Sim, caro leitor, hoje vamos falar sobre geometria e direito! Mas não se assuste, continue a ler o texto sem temor. Esse é na verdade um recurso até comum na Filosofia do Direito (direito e moral se constituem em círculos separados, secantes ou concêntricos, por exemplo?).
Nossa pergunta para você que já vem acompanhando a coluna é: a relação do Direito Esportivo com o sistema jurídico estatal pode ser representada como que em círculos concêntricos? Em outras palavras, o círculo do Direito Esportivo estaria contido dentro em um outro círculo maior, como se fosse parte do direito produzido pelo Estado? Direito Esportivo, assim, seria conteúdo do continente estatal? Para os normativistas-estatistas, aqueles que não percebem o fenômeno do pluralismo jurídico, que imaginam que direito e território físico do Estado se confundem, que não diferenciam sociedade civil e Estado, para esses, muito provavelmente, sim. O Direito Esportivo seria um círculo menor contido dentro do círculo estatal.
E para os demais pensadores, tais como os que advogam a ideia do pluralismo jurídico? Que trabalham com a vertente de que há produção de direito, de normas, fora das hostes estatais? Para eles, Estado e Direito Esportivo seriam círculos separados, que não se tocam no ambiente social? Imagino que esses “separatistas” devam ainda estar por aí, mas não vejo força científica nesse argumento. Nem no primeiro.
Como seria então essa relação? Bom, mesmo para o luhmaniano mais empedernido, que entende que um sistema do direito é fechado operacionalmente, há a compreensão de que existe abertura, ainda que apenas cognitiva. Para Habermas, diferentemente de Luhmann, os sistemas (esferas) são sempre abertos. O que isso significa? Tanto para a Teoria dos Sistemas como para a Teoria da Ação Comunicativa, os sistemas se comunicam, se tocam, têm abertura para o que é produzido no outro em termos de linguagem técnica, normativa, mesmo quando autorreferente, autopoiético.
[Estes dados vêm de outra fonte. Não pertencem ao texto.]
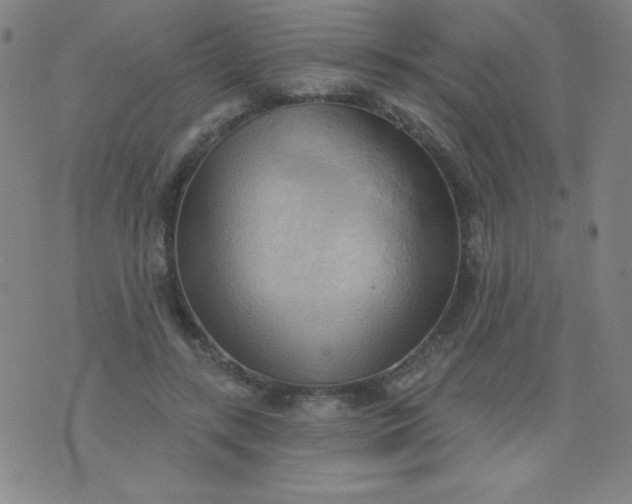 X0000076240547200610122143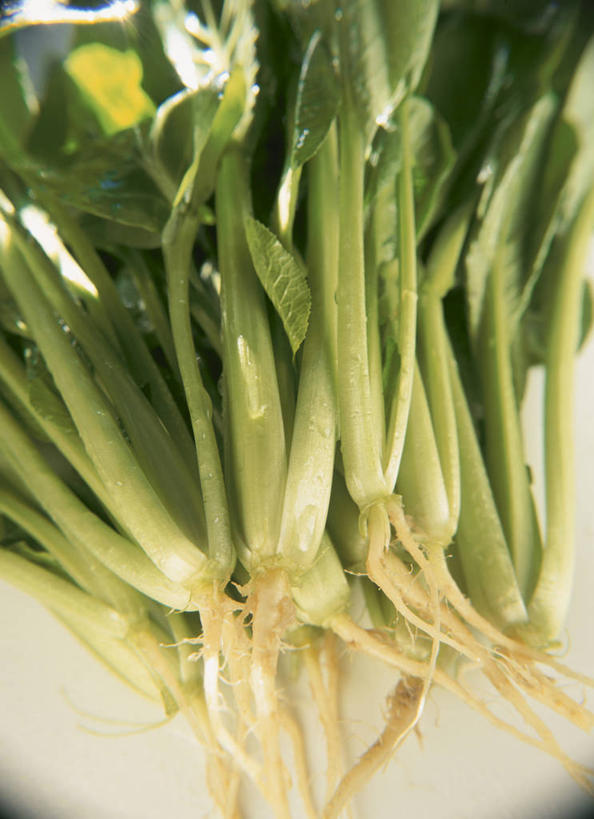 无人,竖图,俯视,室内,特写,白天,蔬菜,一堆,许多,阴影,堆叠,堆积,新鲜,反射,影子,大白菜,食品,很多,白菜,食物,有机食品,绿色食品,堆,结球白菜,胶菜,彩图,高角度拍摄,黄芽白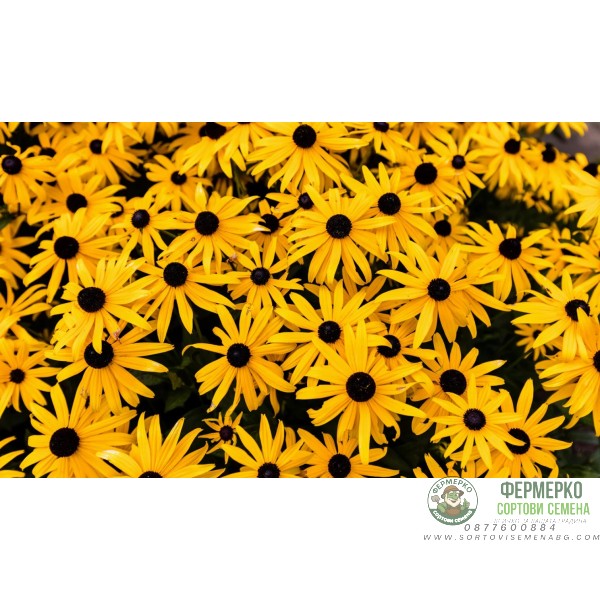 Рудбекия Rudbeckia hirta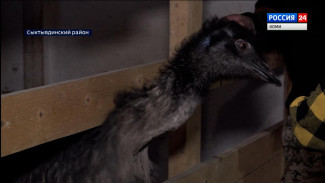 Прославившийся на всю Россию своим побегом страус Вася снёс яйцо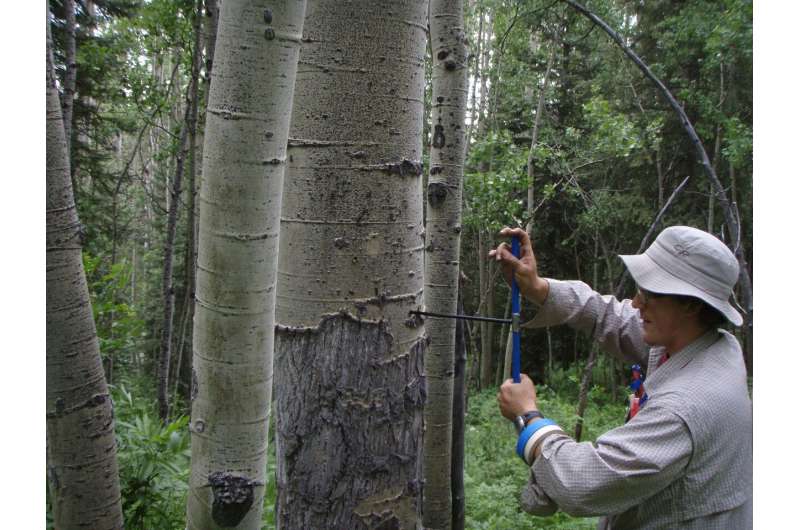 Predicting how forests in the western US will respond to changing climate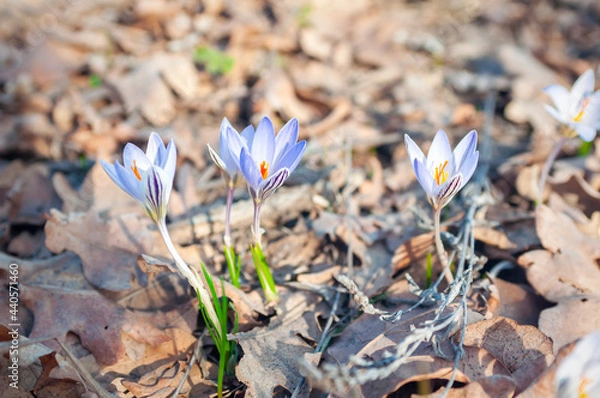 Obraz spring crocus flowers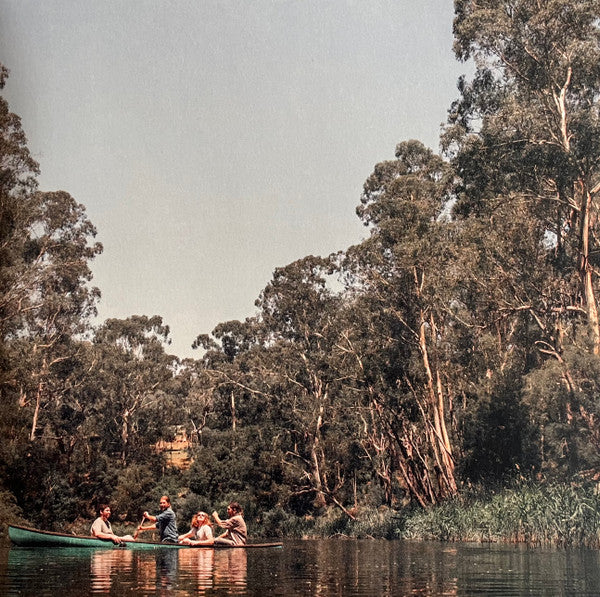 The Teskey Brothers - Run Home Slow  (LP) - Discords.nl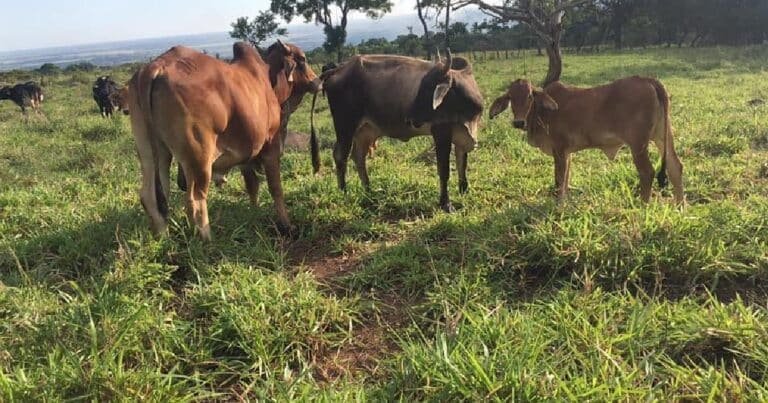 Ganaderos y autoridades refuerzan medidas ante brotes de gusano barrenador en Yucatán
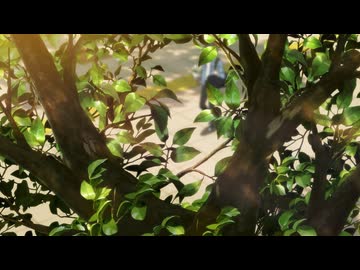 透明な夜に駆ける君と、目に見えない恋をした。 第12話「一生の想い出」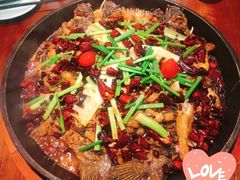 -老板恋上鱼(振华商厦店)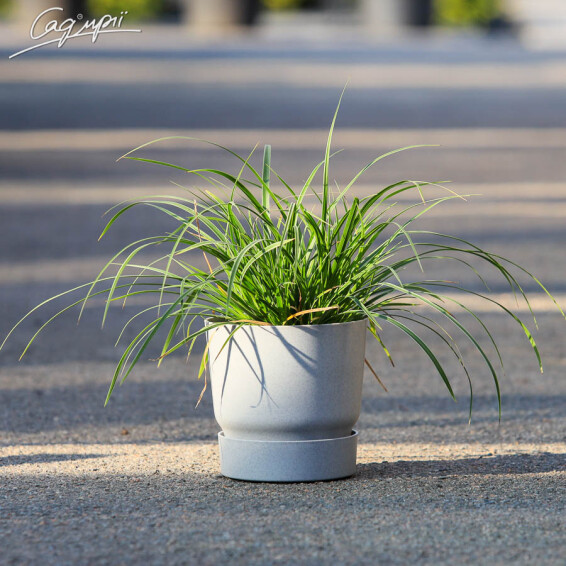 Осока охіменська 'Evergold' - 5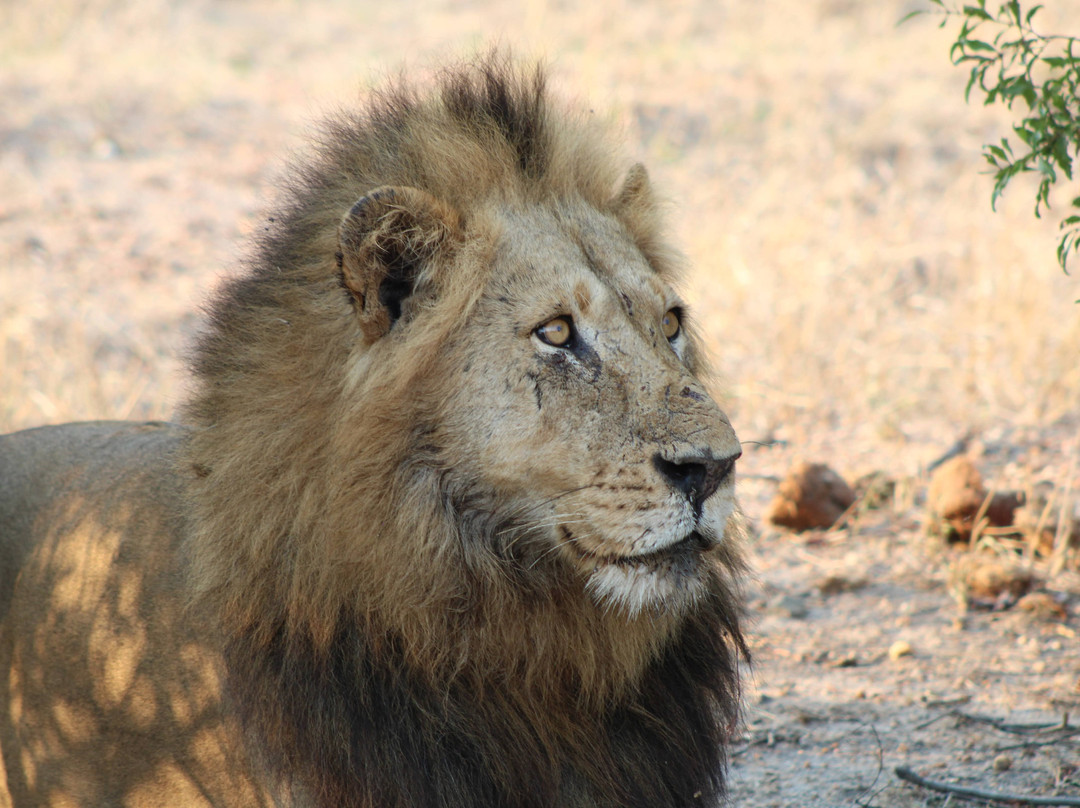 African Safari Group-开普敦必去景点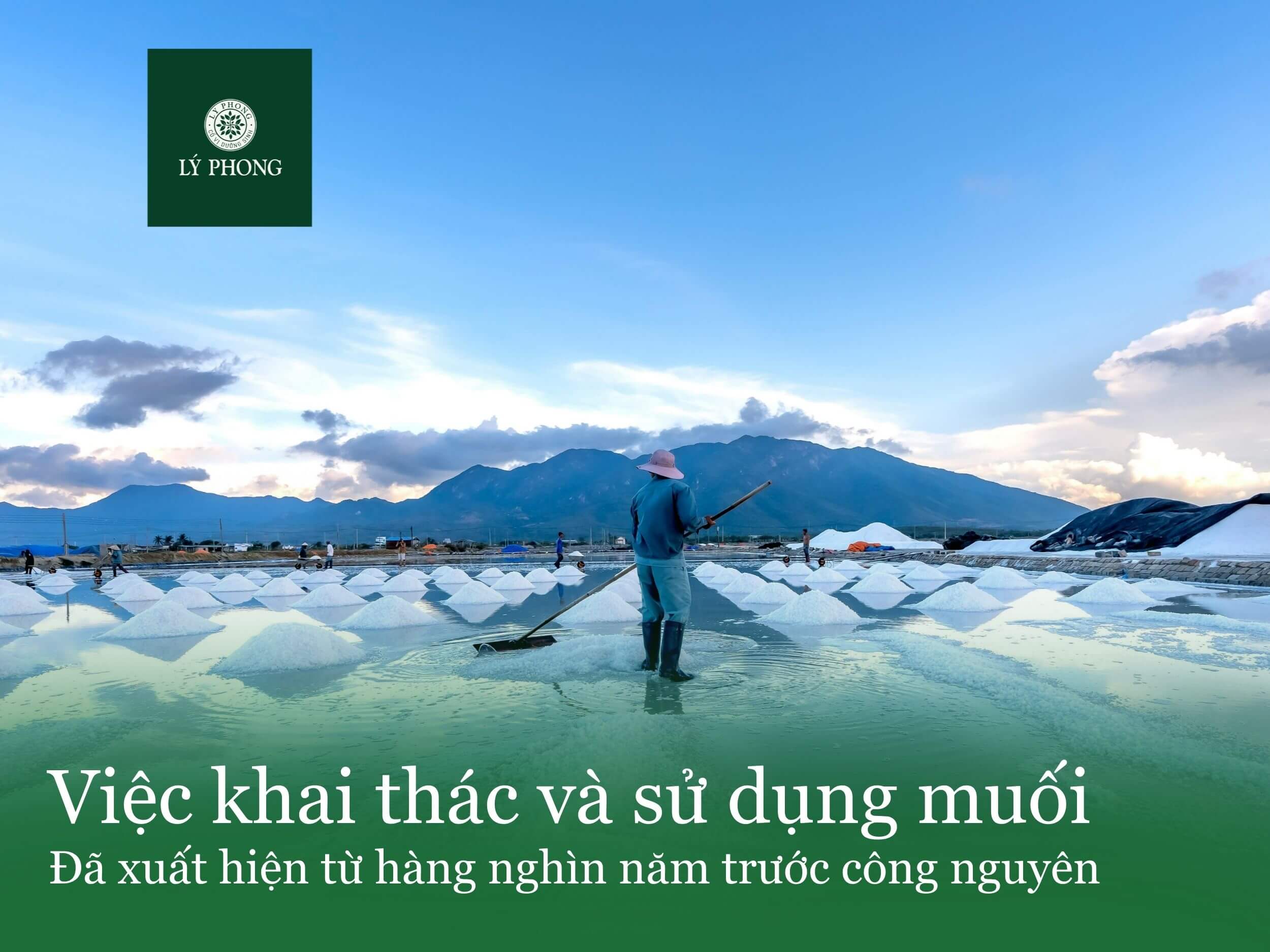 Lịch sử của nghề làm muối bắt đầu từ khi nào?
Círculos separados ou concêntricos? Nada disso: temos aqui círculos secantes. Produz-se justamente aquilo que J.J. Canotilho denomina zonas reticuladas, onde diferentes áreas da produção normativa se tocam, produzindo uma zona em comum, hachurada. Ali onde os círculos se encontram, os diferentes sistemas se chocam, as esferas se esbarram, temos um intercâmbio enorme por meio de comunicação jurídica, aprendizado intersistêmico, como diria Marcelo Neves.
Em termos práticos, o Direito Esportivo não está contido no sistema estatal, até porque é parte da Lex Sportiva, um sistema nitidamente autopoiético, autorreferente, desterritorializado, global. Entendo, contudo, como G. Marramao ensina, que o mundo hoje é “glocal”, com “C” mesmo. Algo que é transnacional, portanto, também é regional. Nada se safa dessa complexidade de ser local e global ao mesmo tempo. Como o Estado-nação não deixou de existir, como o pluralismo jurídico define que normas não estatais também são produzidas para ter validade em uma região menor, não oficial (olha aí o Direito Indígena), o Direito Esportivo, global, choca-se diariamente com normas estatais nacionais, regionais, locais. Mais, tromba por aí com direito produzido sem interferência do Estado, mas também fora da Lex Sportiva, seja no campo regional, seja no mundial. E com eles sempre mantém uma relação secante, sempre os tocando, sempre mantendo uma troca normativa.
Via de regra, o Direito Esportivo é contaminado por esferas que estão fora da Lex Sportiva.
E se aqui eu trouxesse um pouco mais da complexidade organizativa atual da sociedade global? E se eu propusesse que você tentasse visualizar agora esses círculos que mostrei acima se chocando com outros modelos, do tipo Direito Internacional, Direito Europeu ou com sistemas transnacionais que não a Lex Sportiva, como a Lex Mercatoria, a Lex Digitalis, o Direito Canônico…?
Voltarei a essa confusão “euclidiana” na próxima coluna. Até lá.